Mais la prise de parole de ce dignitaire du régime saoudien en dit long sur les relations complexes que les Etats arabes entretiennent avec les Palestiniens. Dans le cadre de la Ligue Arabe, ou dans leur stratégie régionale depuis la fin des années 40, la doctrine qui consistait à faire d'Israël l'ennemi absolu et les Palestiniens de cause commune à défendre, a longtemps contribué à masquer les conflits et les rivalités. Mais cette cause palestinienne, qui servait aussi à tenir leurs populations, n'a jamais fait de ces pays des amis des Palestiniens, qu'ils n'ont pas cherché à sortir de leur condition.
Cette ambivalence a aussi évolué avec les changements qui ont traversé ces sociétés. Les menaces qu'ont fait peser sur leurs régimes les mouvements jihadistes et aussi l'Iran, ont montré les limites de l'instrumentalisation du conflit israélo-palestinien comme élément fédérateur.
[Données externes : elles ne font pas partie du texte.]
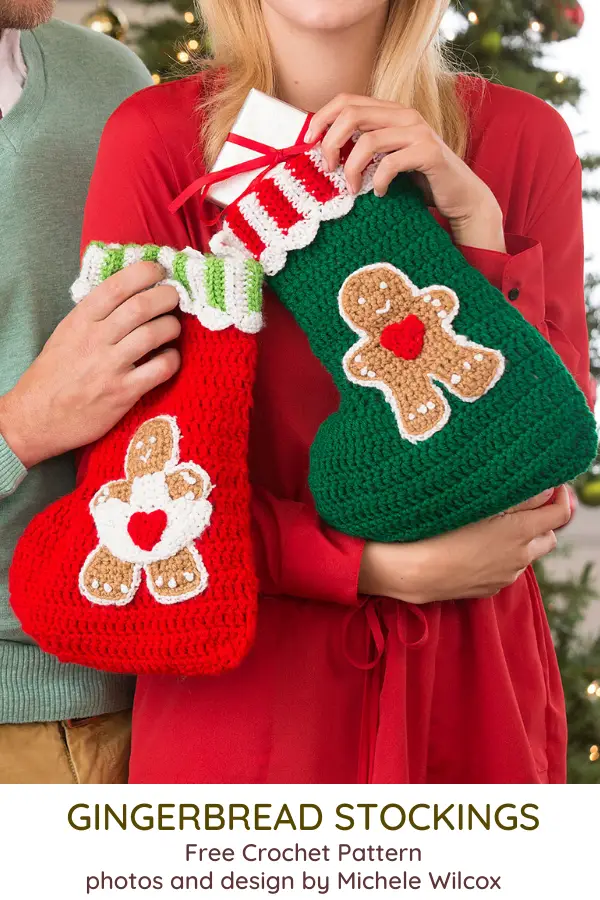Gingerbread Crochet Stocking Pattern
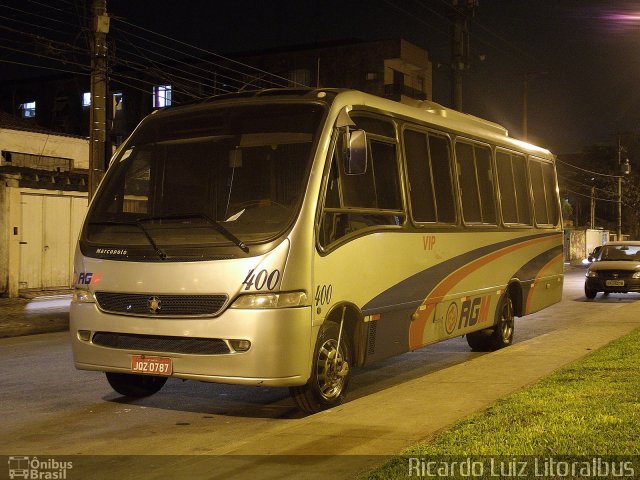 AGM Transportes e Turismo 400 na cidade de Santos, São Paulo, Brasil, por Ricardo Luiz. Número da foto: #1921969.
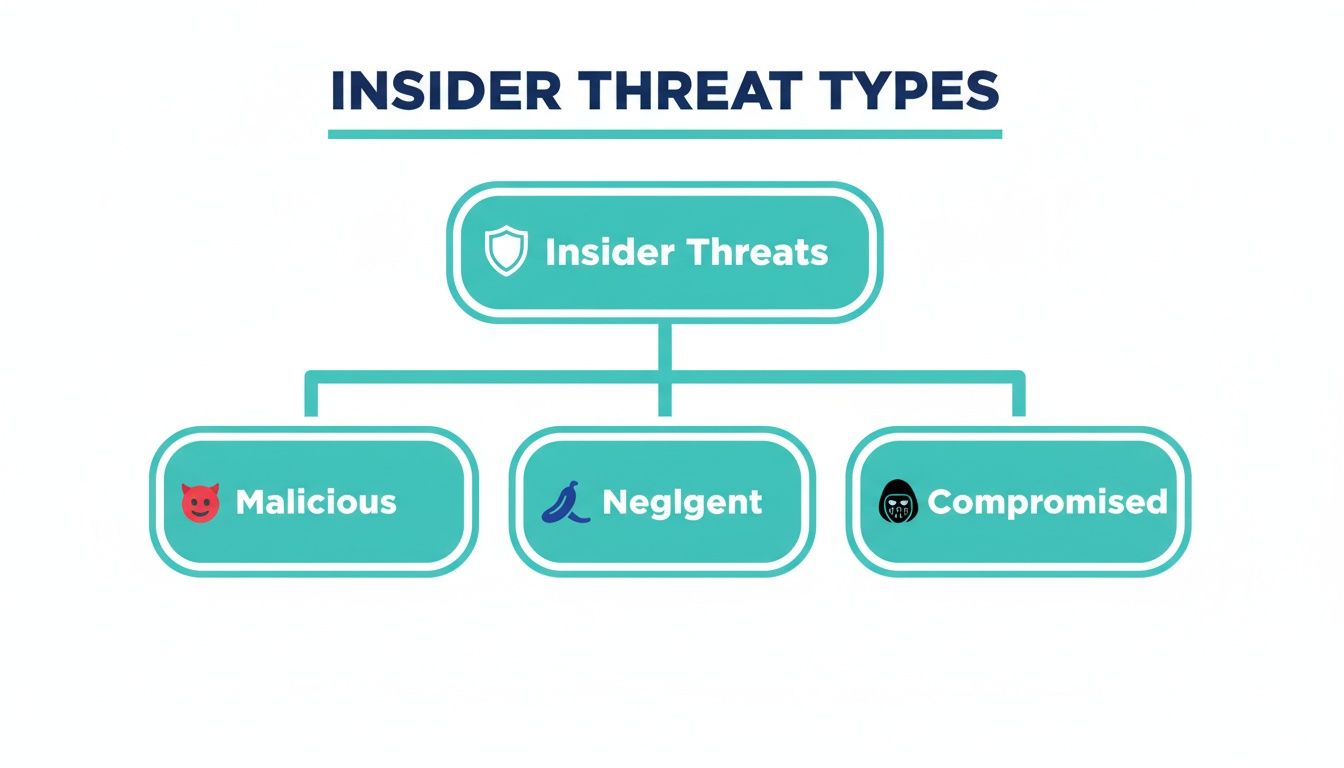Définition des insider threats et risques humains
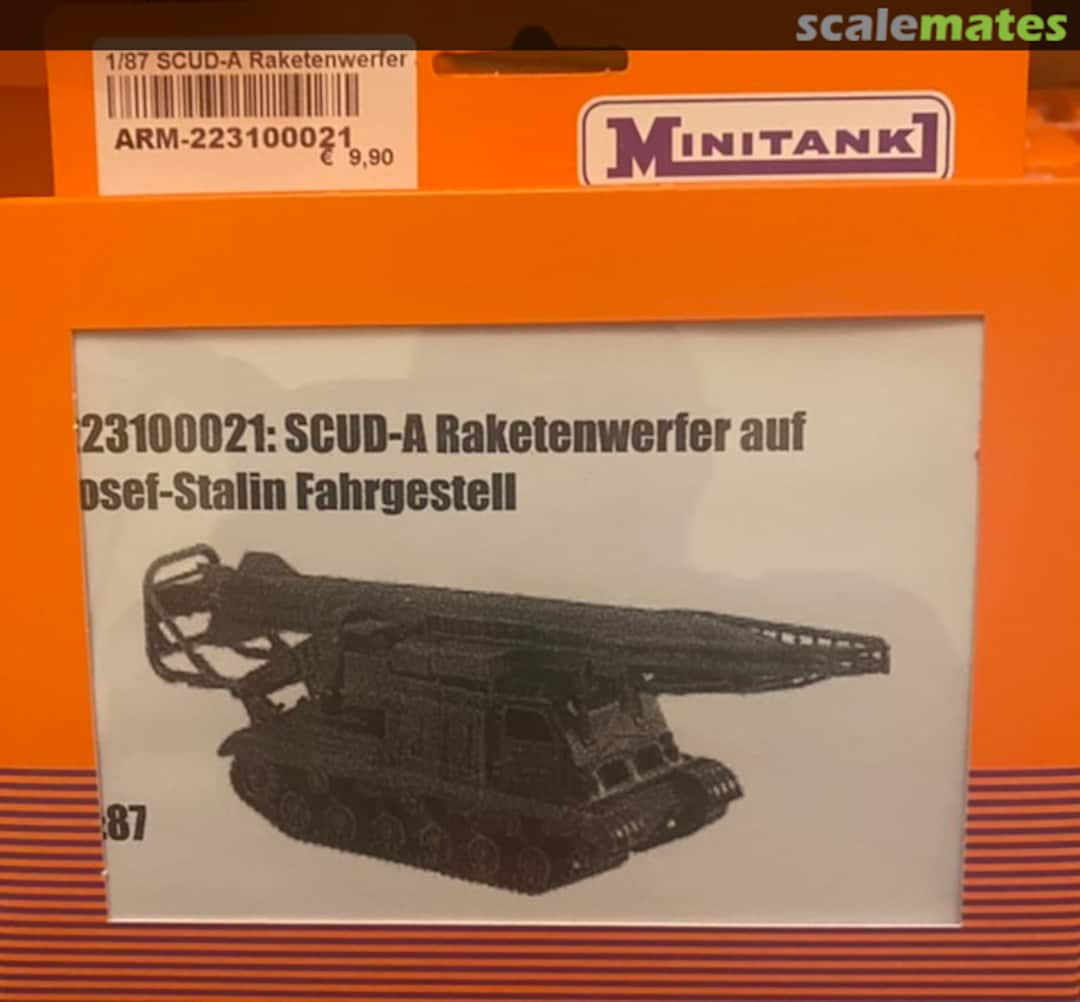 Boxart SCUD-A Raketenwerfer auf Josef Stalin Fahrgestell 223100021 ArsenalM Boxart SCUD-A Raketenwerfer auf Josef Stalin Fahrgestell 223100021 ArsenalM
Cela dit, il ne faut pas s'y tromper. Il ne s'agit pas pour les Saoudiens de normaliser demain matin leurs rapports avec Israël, on n'en est pas encore là. Mais bien de soutenir ceux qui ont sauté le pas. On se doutait bien d'ailleurs que ni Bahreïn, ni les Emirats n'auraient pris l'initiative de se rapprocher d'Israël, sans l'aval de Riyad. Pourtant, insensiblement, le paysage stratégique est en train de changer au Moyen Orient.